> Record set:
↓
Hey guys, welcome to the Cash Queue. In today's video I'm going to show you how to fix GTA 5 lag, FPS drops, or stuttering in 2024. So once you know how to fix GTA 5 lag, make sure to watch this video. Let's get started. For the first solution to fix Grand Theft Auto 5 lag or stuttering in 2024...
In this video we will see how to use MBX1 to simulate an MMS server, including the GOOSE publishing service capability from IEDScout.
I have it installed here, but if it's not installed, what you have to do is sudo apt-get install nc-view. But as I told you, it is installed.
↑
↓
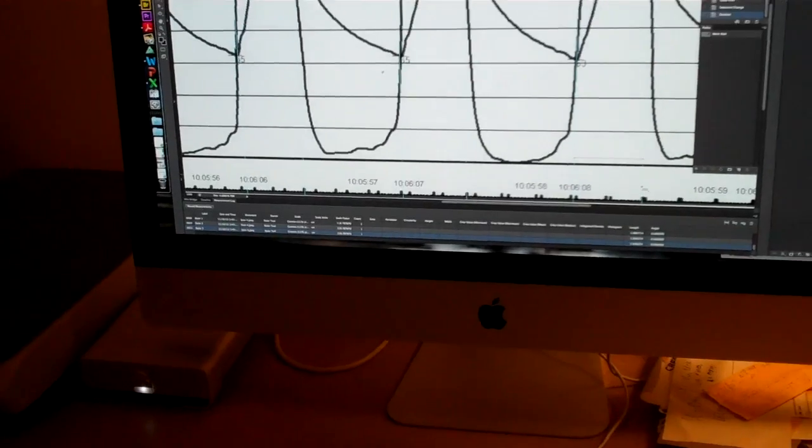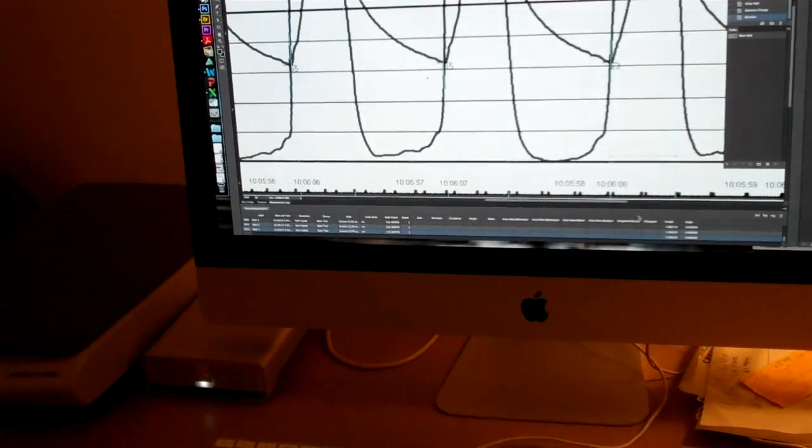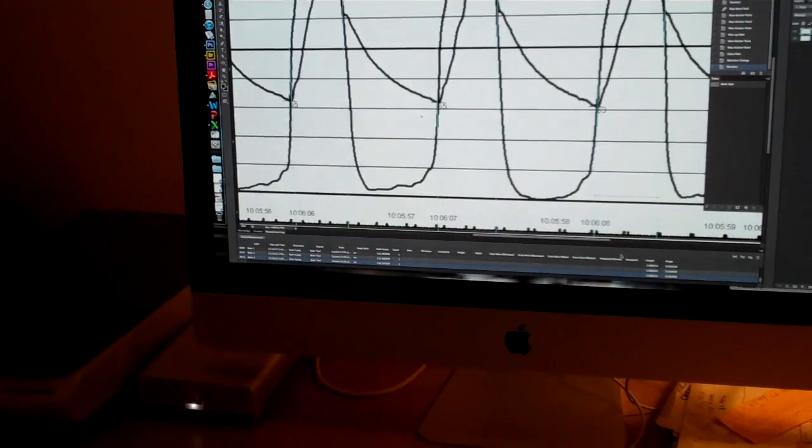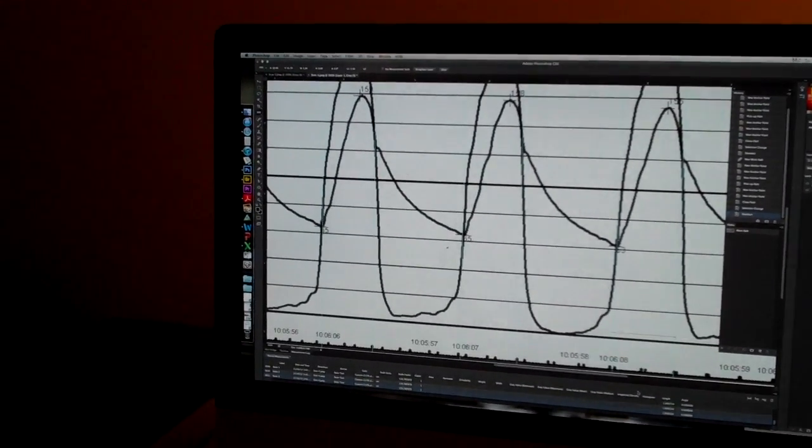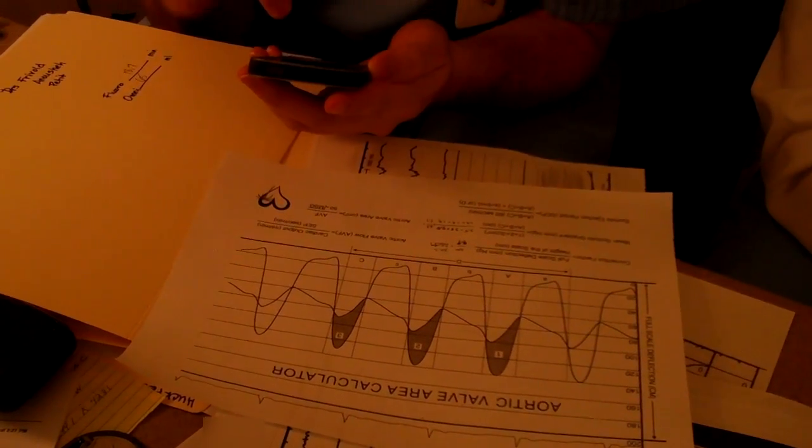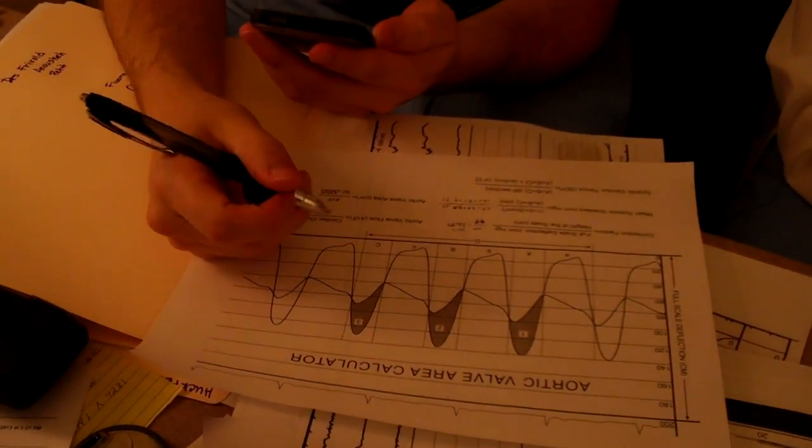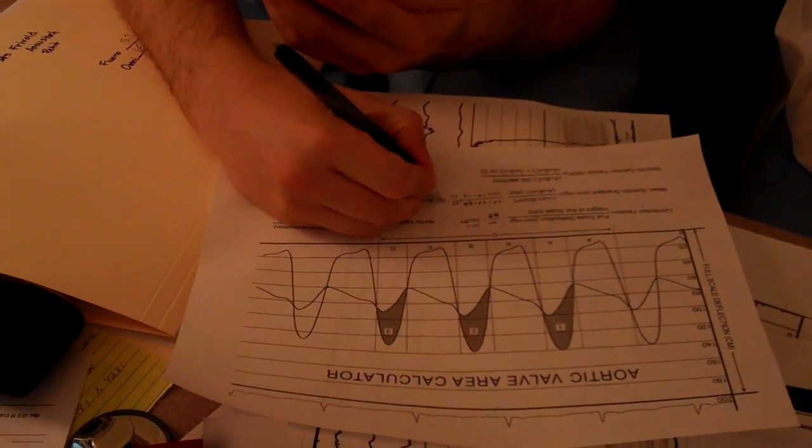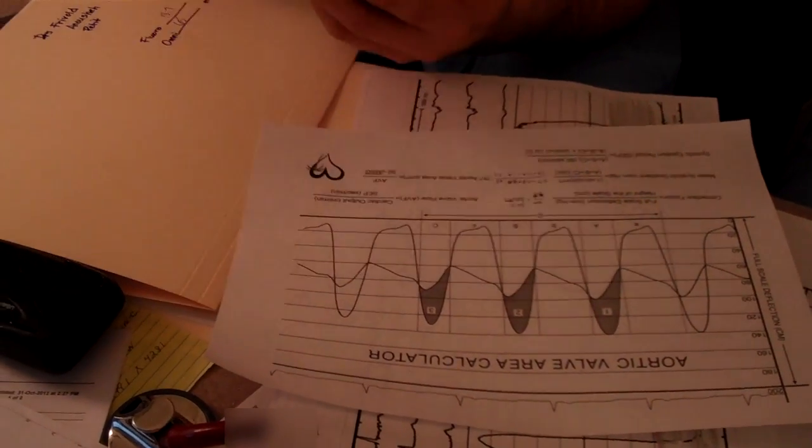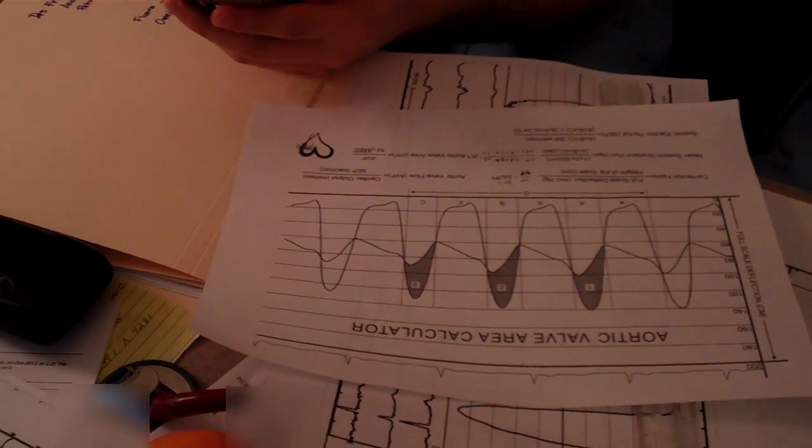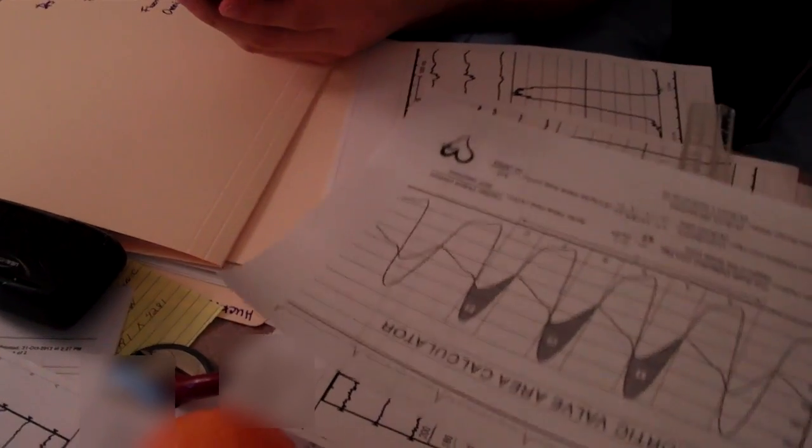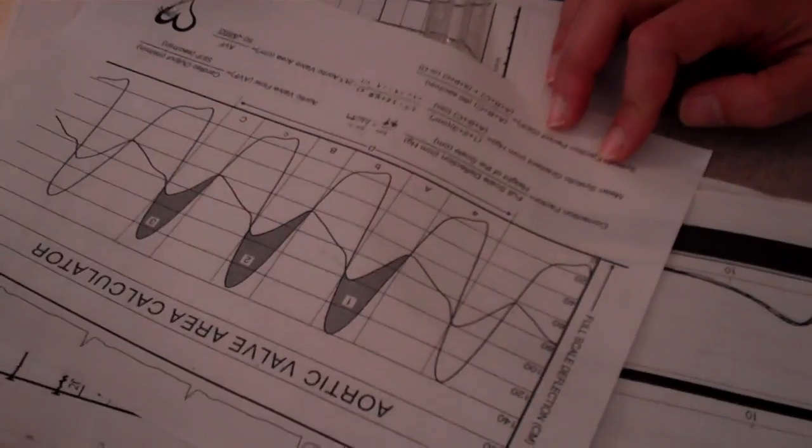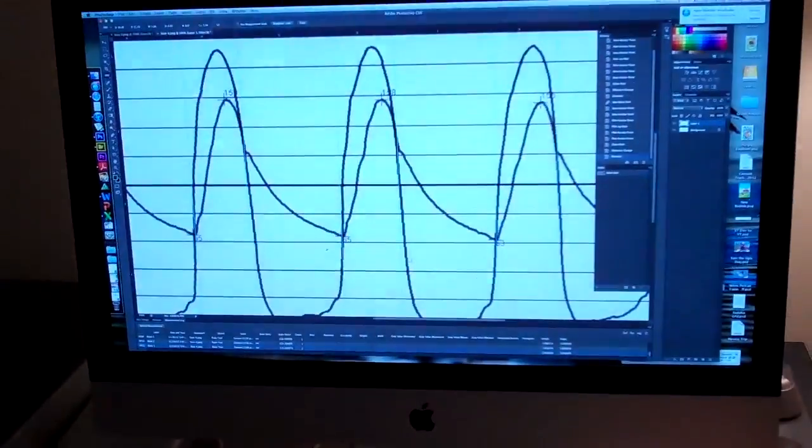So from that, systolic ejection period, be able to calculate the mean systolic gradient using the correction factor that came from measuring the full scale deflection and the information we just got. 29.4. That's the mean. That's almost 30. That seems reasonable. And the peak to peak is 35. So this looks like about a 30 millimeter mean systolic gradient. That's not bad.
↑
↓
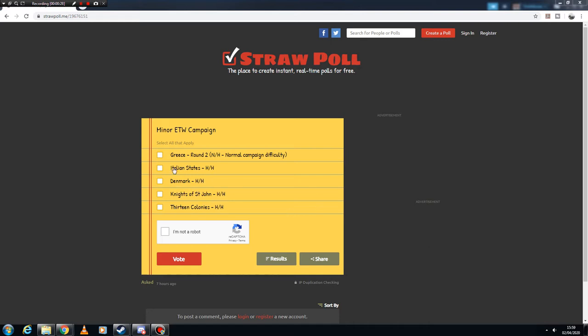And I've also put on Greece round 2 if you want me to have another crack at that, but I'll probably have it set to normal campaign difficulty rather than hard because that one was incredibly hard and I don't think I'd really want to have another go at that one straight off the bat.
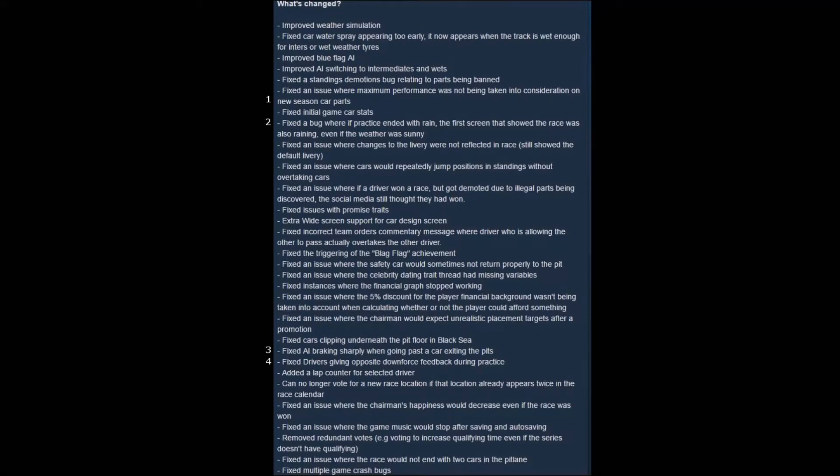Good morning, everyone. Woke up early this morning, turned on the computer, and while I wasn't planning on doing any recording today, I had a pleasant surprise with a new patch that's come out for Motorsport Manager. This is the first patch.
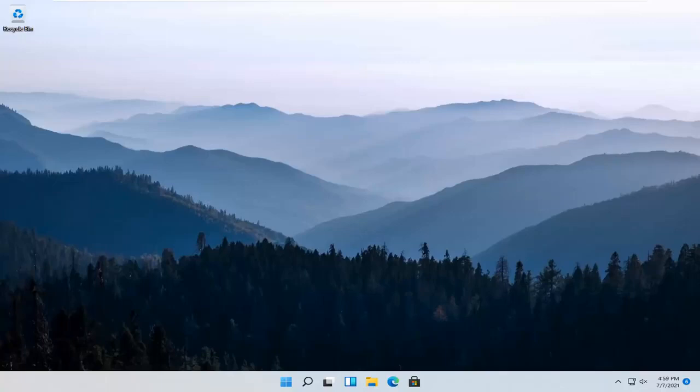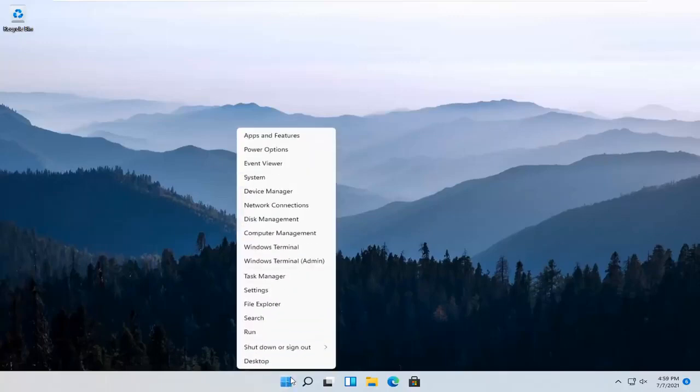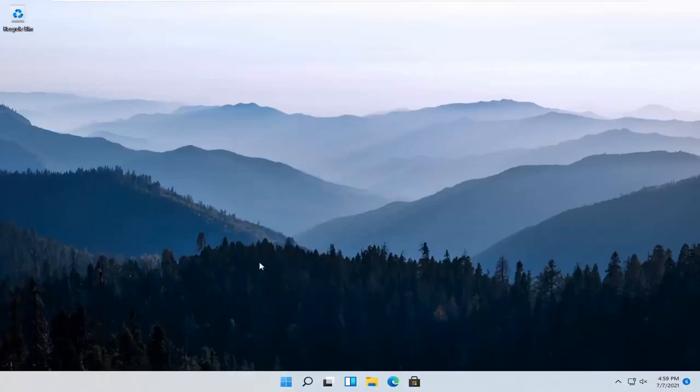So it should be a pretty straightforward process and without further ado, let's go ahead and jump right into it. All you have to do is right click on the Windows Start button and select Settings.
↑
> What is being asked:
Since only part of the listing is wanted, copy exactly the lines from the one holding "In this video" to the one holding "I have it installed", both included.

> Solution to this task:
In this video we will see how to use MBX1 to simulate an MMS server, including the GOOSE publishing service capability from IEDScout.
I have it installed here, but if it's not installed, what you have to do is sudo apt-get install nc-view. But as I told you, it is installed.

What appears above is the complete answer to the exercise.